→ **WHAT IS EXPECTED**:
Here are some entries. Print them exactly as they are.

- - - -

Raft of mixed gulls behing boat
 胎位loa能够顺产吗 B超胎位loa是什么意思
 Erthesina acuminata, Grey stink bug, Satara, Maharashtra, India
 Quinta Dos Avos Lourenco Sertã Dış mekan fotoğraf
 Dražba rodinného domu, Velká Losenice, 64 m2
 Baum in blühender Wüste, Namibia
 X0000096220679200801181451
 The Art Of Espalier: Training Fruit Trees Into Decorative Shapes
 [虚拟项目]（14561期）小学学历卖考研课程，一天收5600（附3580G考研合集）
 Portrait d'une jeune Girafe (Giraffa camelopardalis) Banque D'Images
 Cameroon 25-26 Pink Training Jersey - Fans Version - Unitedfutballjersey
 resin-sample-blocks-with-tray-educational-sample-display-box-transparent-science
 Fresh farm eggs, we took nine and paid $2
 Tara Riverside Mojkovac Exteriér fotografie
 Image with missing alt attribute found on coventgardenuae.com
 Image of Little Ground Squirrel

- - - -

→ **OUTPUT FOR THIS EXERCISE**:
Raft of mixed gulls behing boat
 胎位loa能够顺产吗 B超胎位loa是什么意思
 Erthesina acuminata, Grey stink bug, Satara, Maharashtra, India
 Quinta Dos Avos Lourenco Sertã Dış mekan fotoğraf
 Dražba rodinného domu, Velká Losenice, 64 m2
 Baum in blühender Wüste, Namibia
 X0000096220679200801181451
 The Art Of Espalier: Training Fruit Trees Into Decorative Shapes
 [虚拟项目]（14561期）小学学历卖考研课程，一天收5600（附3580G考研合集）
 Portrait d'une jeune Girafe (Giraffa camelopardalis) Banque D'Images
 Cameroon 25-26 Pink Training Jersey - Fans Version - Unitedfutballjersey
 resin-sample-blocks-with-tray-educational-sample-display-box-transparent-science
 Fresh farm eggs, we took nine and paid $2
 Tara Riverside Mojkovac Exteriér fotografie
 Image with missing alt attribute found on coventgardenuae.com
 Image of Little Ground Squirrel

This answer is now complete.